Another 10% of the board chairs reported that they had no challenging CEO issues at this time. Here’s a sample from pages 24-29 in the survey report:

ISSUE: Insufficient Time for Board Chair/CEO Meetings (and Distance)

  • “Distance, time and differing personality types. Only our love in Christ makes it possible.”
  • "Taking the time to meet with the CEO one-on-one on a regular basis.”
  • “Keeping current on status of ministry when we meet only a few times per year.”
  • “Finding time to support him.”
  • “We really work well together.  Maybe the biggest issue is me making more time to spend with the CEO.”

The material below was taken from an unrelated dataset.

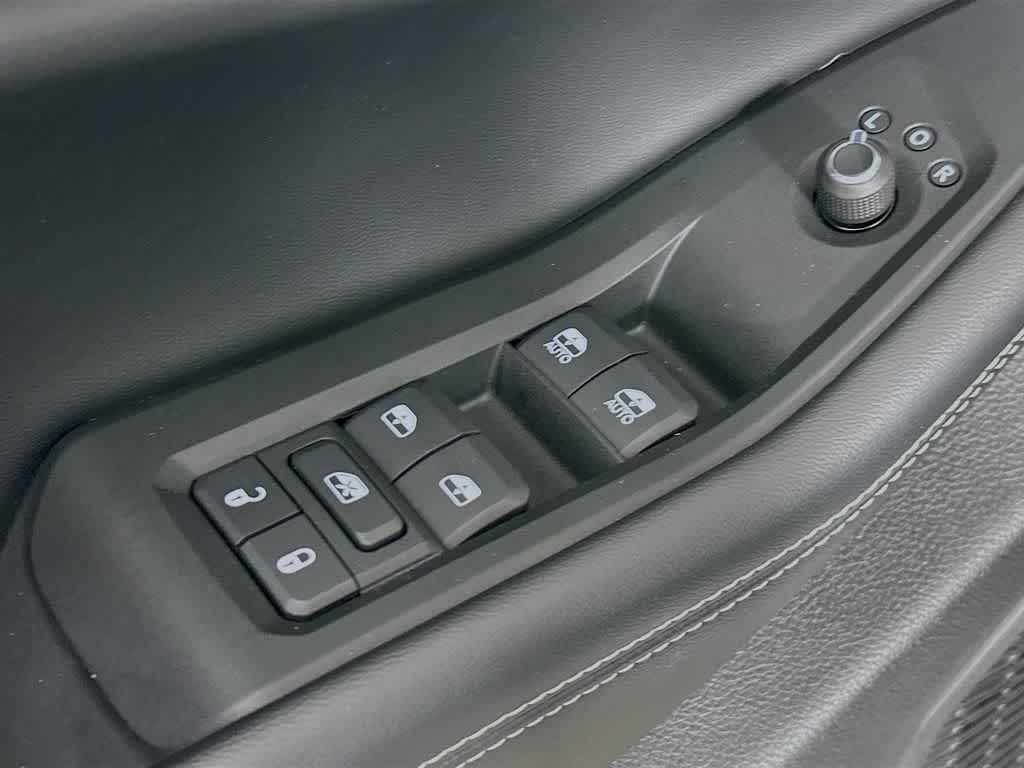 Jeep Grand Cherokee Altitude 2025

ISSUE: CEO Leadership Issues, Management Styles, & Organizational Health

  • “The CEO likes to micro-manage issues and finds it difficult to accept that other board members are competent to handle issues without her constant input.”
  • “The CEO is a visionary so sometimes it is difficult to make concrete plans.”
  • “Encouraging more aggressiveness.”
  • “Because of personality differences, we sometimes view things differently. However, it is never a show stopper.”
  • “Personality style: I am direct; he prefers indirect, especially with criticism.”
  • “CEO, to lead well, must be positive. The challenge is that ‘being positive’ can mask reality when reality must be faced (or truly known). We tend toward ‘overly positive’ and need to push hard to get to understanding reality sometimes.”

Note this insight from Boards That Lead:
“Most chief executives are constitutionally optimistic, and since by definition their role is to surmount challenges, the tenor they bring into the boardroom is likely to be relentlessly upbeat. Taking executive overassurance into account will aid directors in detecting nascent troubles ahead, but it is only one piece of a very complicated puzzle.”
(See Chapter 8, “Spotting, Catching, or Exiting a Falling CEO” in Boards That Lead: When to Take Charge, When to Partner, and When to Stay Out of the Way, by Ram Charan, Dennis Carey and Michael Useem.)

ISSUE: Vision/Strategy, Priorities and Measurements

  • “Keeping the CEO focused on priority issues.”
  • “Trying to determine pitfalls.  Focus is usually on what is more important at the time.”
  • “Getting her to focus on CEO tasks to keep her from dipping into the daily operations.”
  • “I believe all goals should be measurable and I have some trouble with getting that accomplished. However we have just started the idea of every program should have measurable goals, or the program will not be approved until those goals have been clearly defined with strategies for evaluating their success.”
  • “Focus on what's important vs. what's urgent; delegating, communication and follow through.”
  • “Keeping him from taking on too many new ministries/projects before completing the current ones.”

ISSUE: Board Functions and Board Roles

  • “I am very blessed to have a great personal relationship with the CEO.  It is never ‘enjoyable’ to deliver tough feedback, but know it must be done.  Fortunately, he is very receptive and allows me the freedom to speak what we, as a board, see as important feedback.”
  • “Performance evaluation.”
  • “Constructive criticism and correction.”
  • “Encouraging underperforming board members to improve.”

ISSUE: Communication and Timely Information/Reports

  • “Getting written reports in a timely manner.”
  • “Communication: to understand the issues at the same level as the CEO so I can make informed and intelligent recommendations.”
  • “The CEO does not want to communicate with board members because so many disagree with him leaving me in between in major disagreements.”

QUESTION: What is the most challenging issue you face when working with your CEO--and have you talked with him or her about this issue?